Megalodon: A colossal máquina de caça dos mares pré-históricos
O famoso e extinto Megalodon (Otodus megalodon) é conhecido quase que exclusivamente de dentes fossilizados. Estimativas das dimensões corporais desse enorme tubarão têm sido feitas essencialmente a partir desses dentes, usando o tubarão-branco (Carcharodon carcharias) como o único análogo moderno. Porém, isso pode ser problemático, já que essas duas espécies pertencem a diferentes famílias, e a posição da linhagem associada ao gênero Otodus não é bem esclarecida dentro dos Lamniformes (ordem de tubarões que engloba o O. megalodon e o C. carcharias).
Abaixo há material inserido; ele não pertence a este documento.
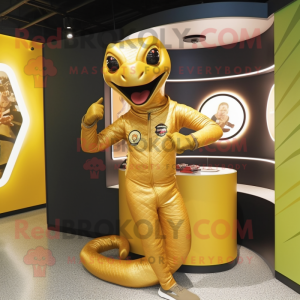 Gold Titanoboa mascot costume character dressed with a Rash Guard and Rings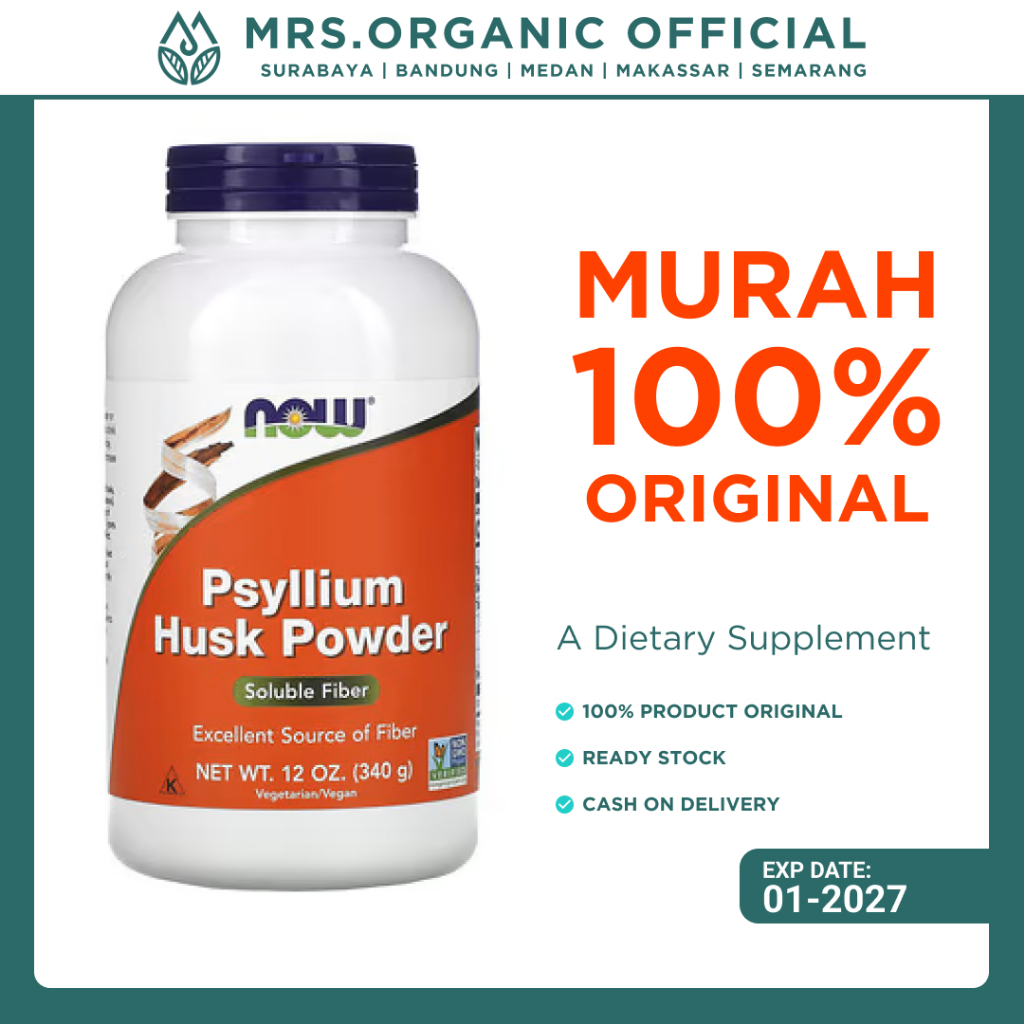 

NOW Foods Psyllium Husk Powder – Serat Alami untuk Pencernaan Sehat Detox Usus 12 oz 340 gram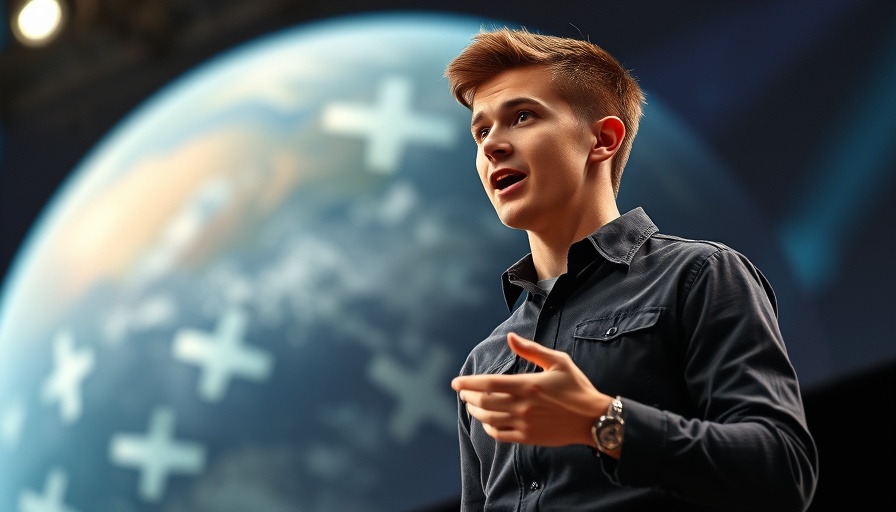 Speaker on stage discussing how to lower Earth's temperature fast.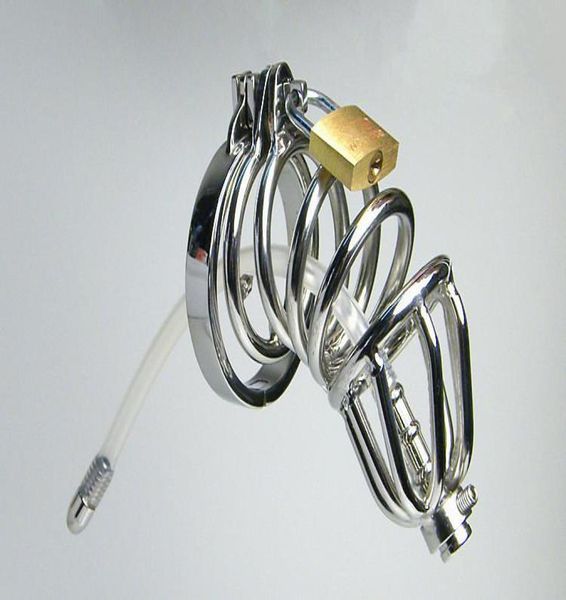 Dispositivo de anel duplo de aço inoxidável, tubo de silicone com anel farpado anti-derramamento, gaiola de galo, som uretral masculino, brinquedos sexuais bdsm 3478196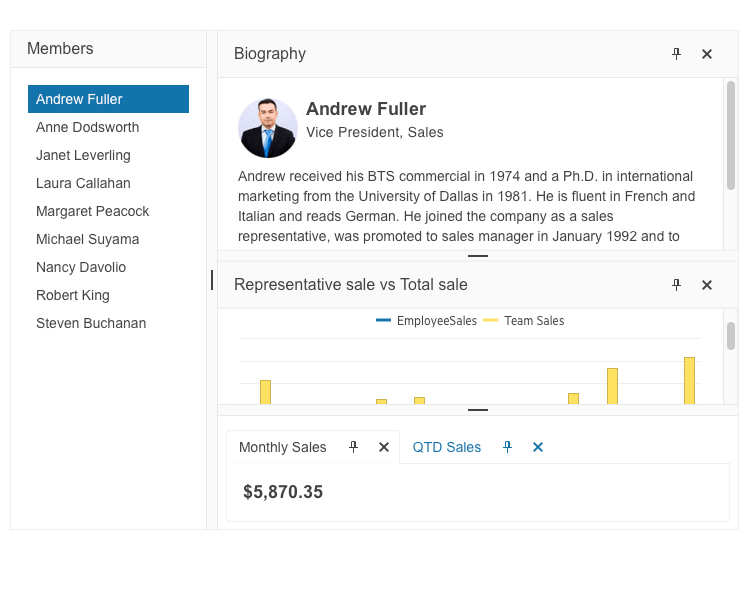 Telerik UI for ASP.NET MVC DockManager-Overview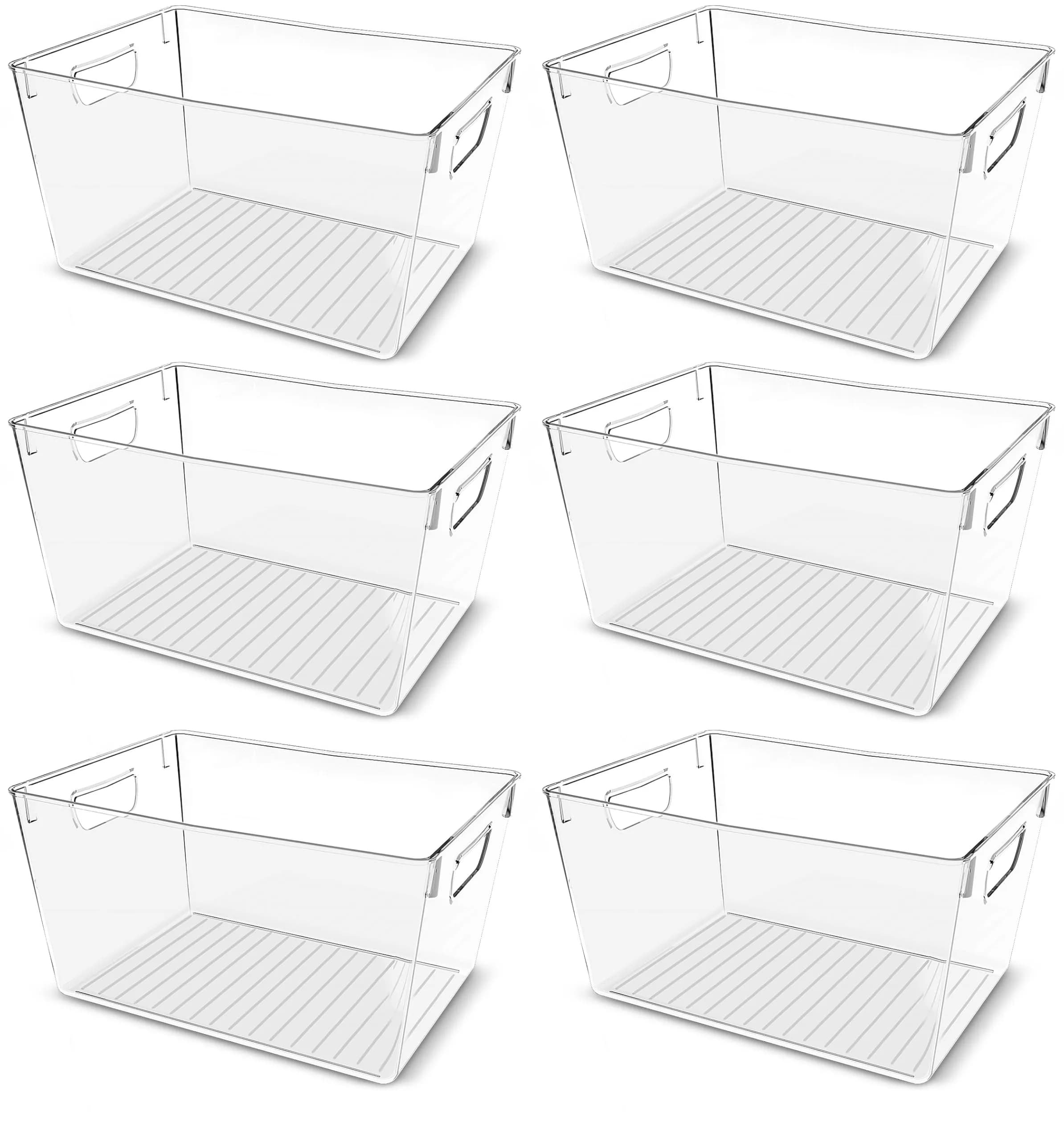Utopia Kitchen Pantry Organizers and Storage Bins, 6 Pack, Large, Clear | Space-Saving Kitchen Storage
Um estudo publicado em 2020 no periódico Scientific Reports (Ref.2), pesquisadores usaram dados de vários clados de Lamniformes e dados fósseis acumulados até o momento do Megalodon para estimar as dimensões corporais desse tubarão pré-histórico. Os resultados indicaram que um adulto com um comprimento de 16 metros possuía uma poderosa cabeça de quase 5 metros de comprimento, uma nadadeira dorsal do tamanho de um humano adulto e um corpo adaptado para rápidas investidas.
MEGALODON
Considerado o maior tubarão macropredatório conhecido que já existiu, o Megalodon (Otodus megalodon ou Carcharocles megalodon) - também conhecido como Megalodonte - tem sido reportado de sedimentos do Mioceno e alguns do Plioceno de todos os continentes exceto da Antártica, indicando uma distribuição quase global dessa espécie. Acredita-se que esse tubarão crescia de forma contínua com o avanço da idade, com indivíduos adultos alcançando estimados 16-18 metros de comprimento e uma massa que pode ter excedido as 60 toneladas. Um modelo matemático otimizado e baseado na largura de dentes fossilizados do O. megalodon sugeriu um comprimento máximo de 20 metros (Ref.11). Nesse sentido, o Megalodon é considerado um dos poucos superpredadores do Mioceno, junto com as notáveis baleias-cachalotes-gigantes (Leviathan melvillei) (!), também extintas.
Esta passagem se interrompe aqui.